概述
我们可以把数据文件压缩后再存入HDFS,以节省存储空间。但是,在使用MapReduce处理压缩文件时,必须考虑压缩文件的可分割性。目前,Hadoop支持以下几种压缩格式
压缩格式 | UNIX工具 | 算 法 | 文件扩展名 | 支持多文件 | 可分割 |
DEFLATE | 无 | DEFLATE | .deflate | No | No |
gzip | gzip | DEFLATE | .gz | No | No |
zip | zip | DEFLATE | .zip | YES | YES |
bzip | bzip2 | bzip2 | .bz2 | No | YES |
LZO | lzop | LZO | .lzo | No | No |
为了支持多种压缩/解压缩算法,Hadoop引入了编码/解码器,如下表所示
压缩格式 | 对应的编码/解码器 |
DEFLATE | org.apache.hadoop.io.compress.DefaultCodec |
gzip | org.apache.hadoop.io.compress.GzipCodec |
bzip | org.apache.hadoop.io.compress.BZipCodec |
Snappy | org.apache.hadoop.io.compress.SnappyCodec |
Hadoop压缩/解压缩API实例
假定,我们在Linux本地文件夹下有一个文件part-r-00000,现在利用Hadoop的压缩/解压缩API来对该文件进行压缩和解压缩。
import java.io.File;
import java.io.FileInputStream;
import java.io.FileNotFoundException;
import java.io.FileOutputStream;
import java.io.IOException;
import java.io.InputStream;
import java.io.OutputStream;
import java.util.Date;
import org.apache.hadoop.conf.Configuration;
import org.apache.hadoop.fs.Path;
import org.apache.hadoop.io.IOUtils;
import org.apache.hadoop.io.compress.CompressionCodec;
import org.apache.hadoop.io.compress.CompressionCodecFactory;
import org.apache.hadoop.io.compress.CompressionOutputStream;
import org.apache.hadoop.util.ReflectionUtils;
public class Hello {
public static void main(String[] args) throws IOException, InterruptedException, ClassNotFoundException {
if (args[0].equals("compress")) {
compress(args[1], "org.apache.hadoop.io.compress." + args[2]);
}
else if (args[0].equals("decompress"))
decompres(args[1]);
else {
System.err.println("Error!\n usgae: hadoop jar Hello.jar [compress] [filename] [compress type]");
System.err.println("\t\ror [decompress] [filename] ");
return;
}
System.out.println("down");
}
/*
* filename是希望压缩的原始文件,method是欲使用的压缩方法(如BZip2Codec等)
*/
public static void compress(String filername, String method) throws ClassNotFoundException, IOException {
System.out.println("[" + new Date() + "] : enter compress");
File fileIn = new File(filername);
InputStream in = new FileInputStream(fileIn);
Class codecClass = Class.forName(method);
Configuration conf = new Configuration();
// 通过名称找到对应的编码/解码器
CompressionCodec codec = (CompressionCodec)

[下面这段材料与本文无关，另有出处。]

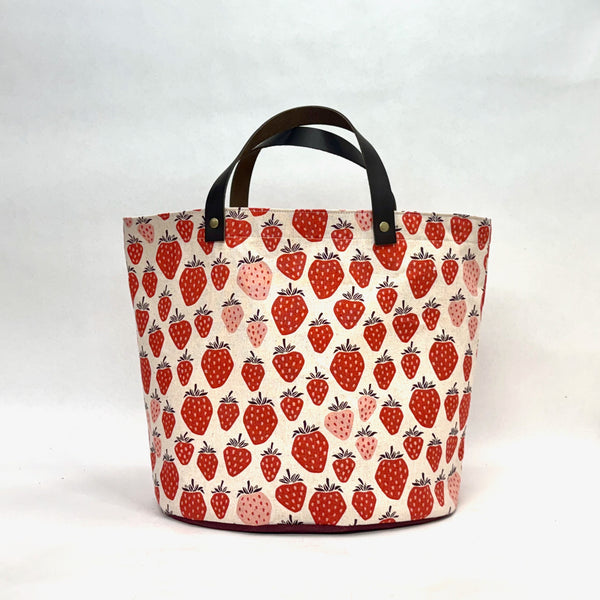 Strawberry Natural Oval Bottom Knitting Craft Tote Bag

ReflectionUtils.newInstance(codecClass, conf);
// 该压缩方法对应的文件扩展名
File fileOut = new File(filername + codec.getDefaultExtension());
fileOut.delete();
OutputStream out = new FileOutputStream(fileOut);
CompressionOutputStream cout = codec.createOutputStream(out);
System.out.println("[" + new Date() + "]: start compressing ");
IOUtils.copyBytes(in, cout, 1024*1024*5, false); // 缓冲区设为5MB
System.out.println("[" + new Date() + "]: compressing finished ");
in.close();
cout.close();
}
/*
* filename是希望解压的文件
*/
public static void decompres(String filename) throws FileNotFoundException, IOException {
System.out.println("[" + new Date() + "] : enter compress");
Configuration conf = new Configuration();
CompressionCodecFactory factory = new CompressionCodecFactory(conf);
CompressionCodec codec = factory.getCodec(new Path(filename));
if (null == codec) {
System.out.println("Cannot find codec for file " + filename);
return;
}
File fout = new File(filename+ ".decoded");
InputStream cin = codec.createInputStream(new FileInputStream(filename));
OutputStream out = new FileOutputStream(fout);
System.out.println("[" + new Date() + "]: start decompressing ");
IOUtils.copyBytes(cin, out, 1024*1024*5, false);
System.out.println("[" + new Date() + "]: decompressing finished ");
cin.close();
out.close();
}
}
其中,ReflectionUtils类与IOUtils类均定义在包org.apache.hadoop.util中
我们将Hello.java类打包成Hello.jar,放入与part-r-00000相同的路径下,然后先进行压缩
hadoop jar Hello.jar compress part-r-00000 BZip2Codec
可以看到,该路径下生成了part-r-00000.bz2文件,再进行解压缩
hadoop jar Hello.jar decompress part-r-00000.bz2
可以看到,该路径下生成了part-r-00000.bz2.decoded文件